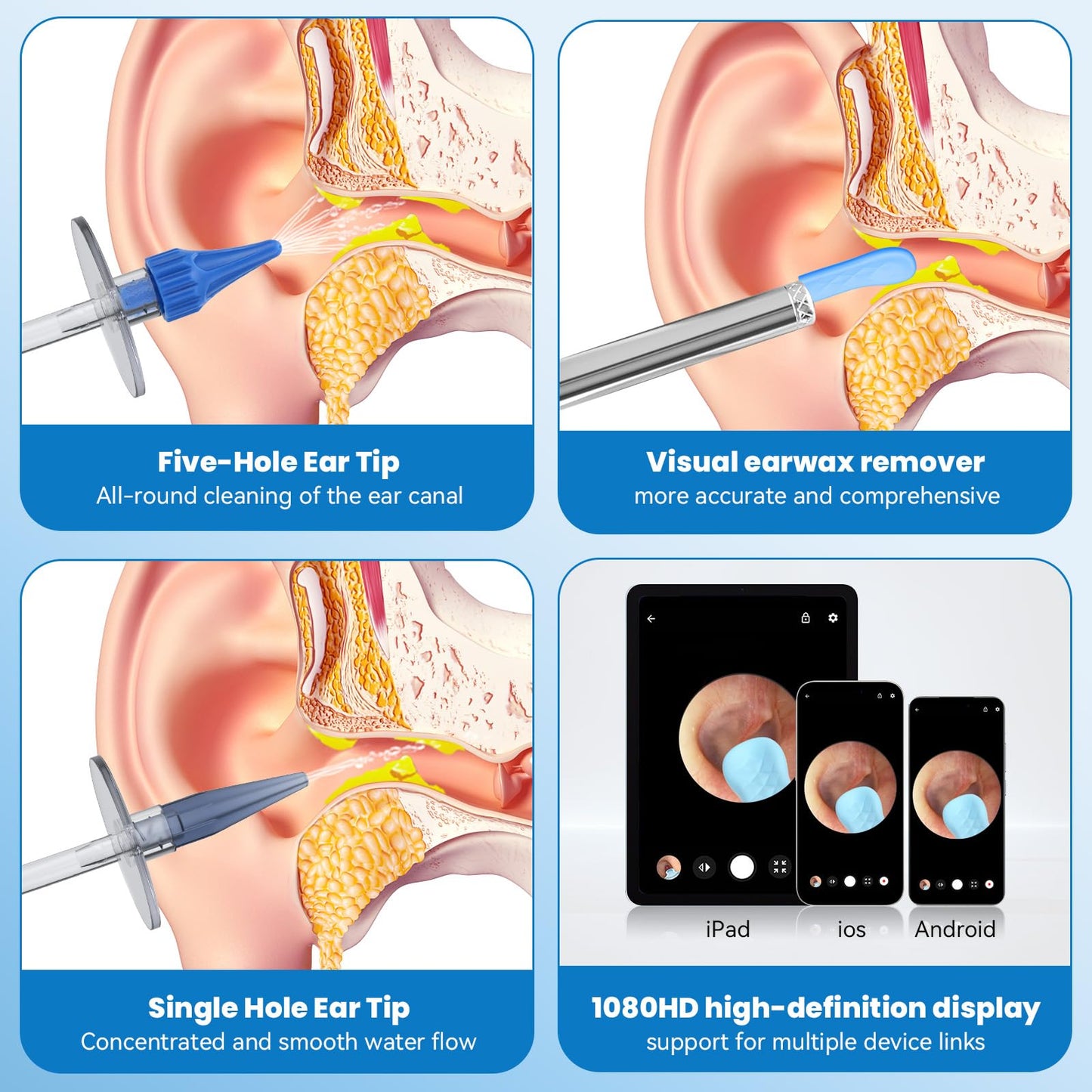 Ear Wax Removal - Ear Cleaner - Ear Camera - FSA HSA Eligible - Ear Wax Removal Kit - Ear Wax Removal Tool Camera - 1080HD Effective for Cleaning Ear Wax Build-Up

- - -

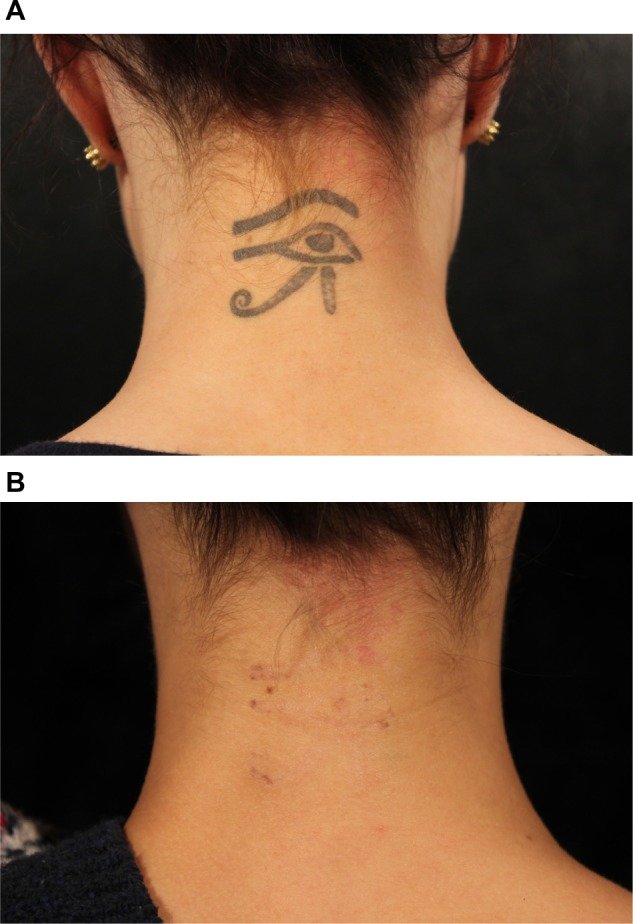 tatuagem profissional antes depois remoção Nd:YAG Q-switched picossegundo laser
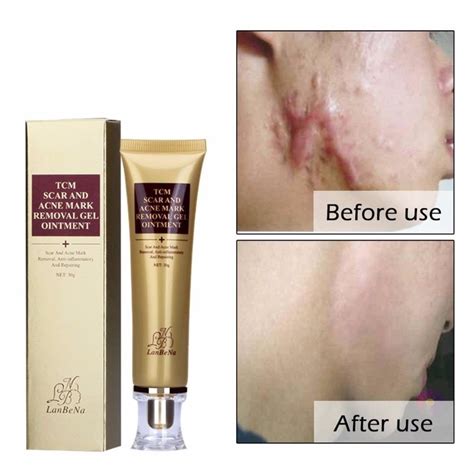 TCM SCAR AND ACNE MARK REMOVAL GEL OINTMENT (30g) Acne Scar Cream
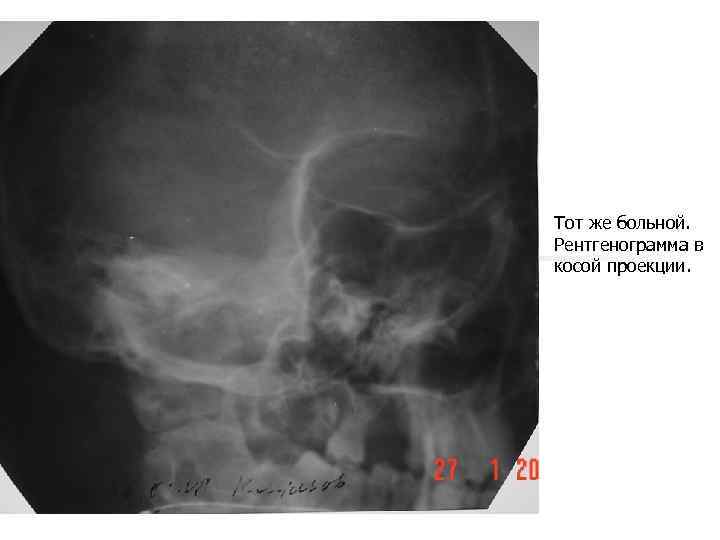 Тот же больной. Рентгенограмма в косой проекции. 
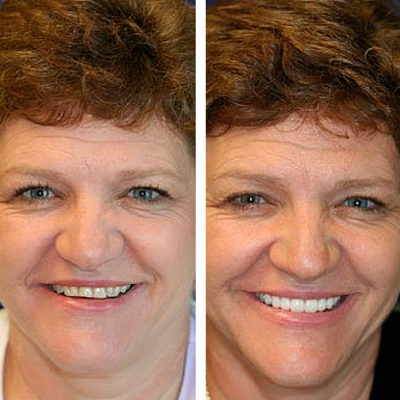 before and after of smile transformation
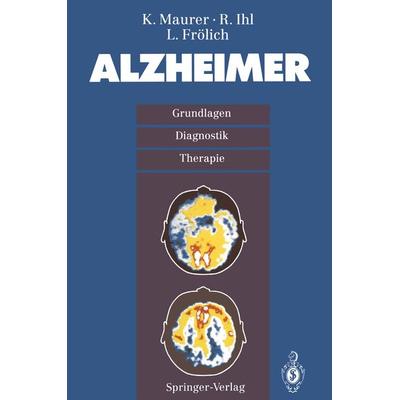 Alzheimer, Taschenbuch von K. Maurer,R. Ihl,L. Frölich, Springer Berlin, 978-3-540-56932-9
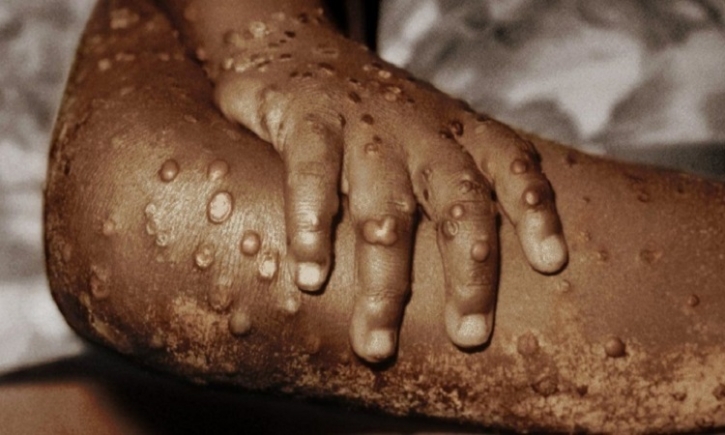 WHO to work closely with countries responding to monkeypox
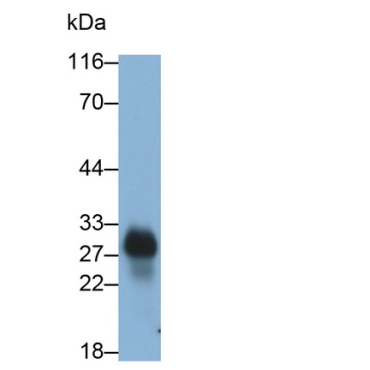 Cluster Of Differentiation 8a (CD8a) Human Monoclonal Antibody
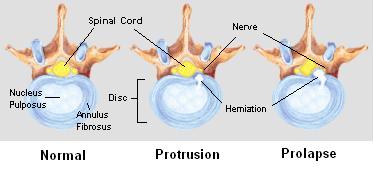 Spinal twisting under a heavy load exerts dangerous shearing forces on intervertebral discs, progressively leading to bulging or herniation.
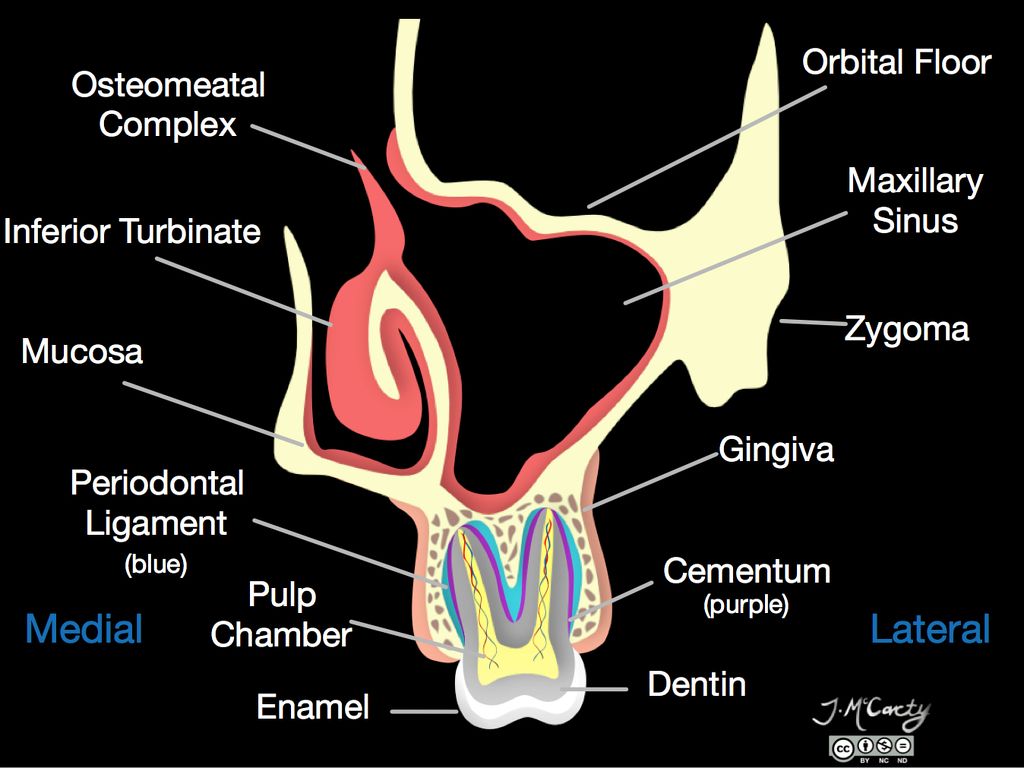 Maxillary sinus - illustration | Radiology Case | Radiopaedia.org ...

- - -

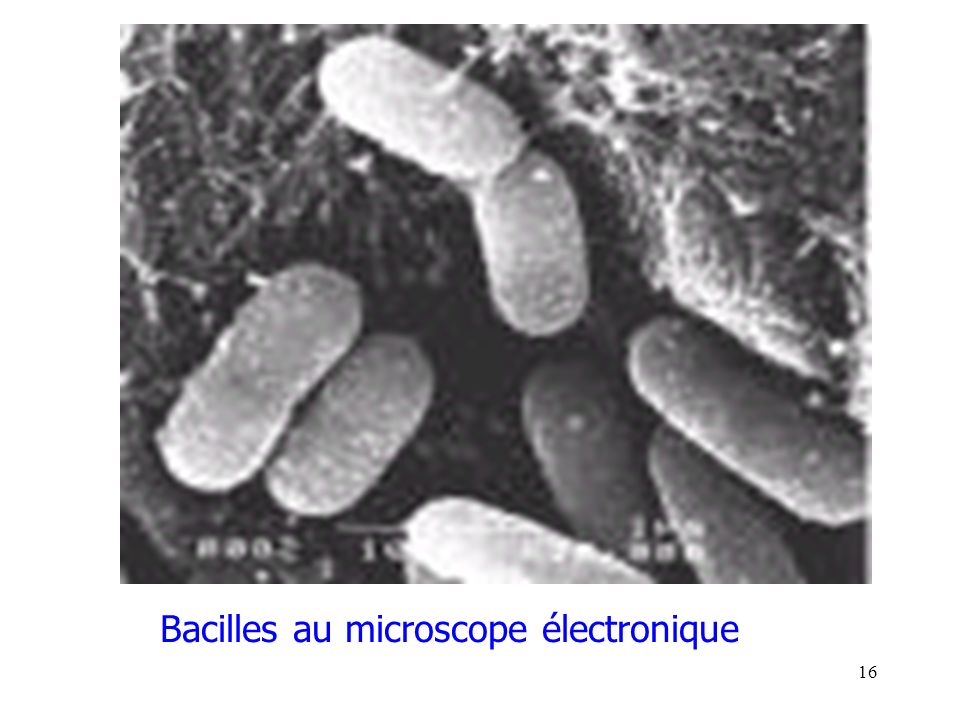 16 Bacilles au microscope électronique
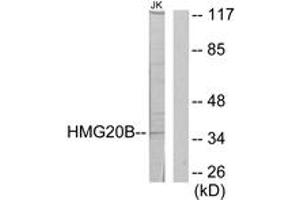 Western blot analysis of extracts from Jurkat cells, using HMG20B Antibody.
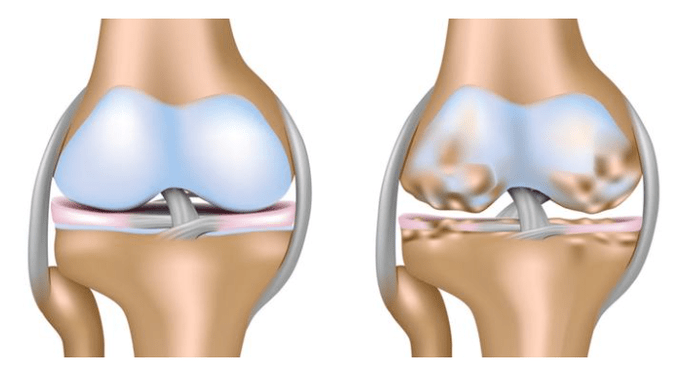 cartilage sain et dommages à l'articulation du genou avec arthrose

- - -

EXERCISE — Among the entries above, copy exactly the stretch from the line holding "16 Bacilles au microscope électronique" through the line holding "cartilage sain et", leaving out any pictures.

YOUR SOLUTION —
 16 Bacilles au microscope électronique
 Western blot analysis of extracts from Jurkat cells, using HMG20B Antibody.
 cartilage sain et dommages à l'articulation du genou avec arthrose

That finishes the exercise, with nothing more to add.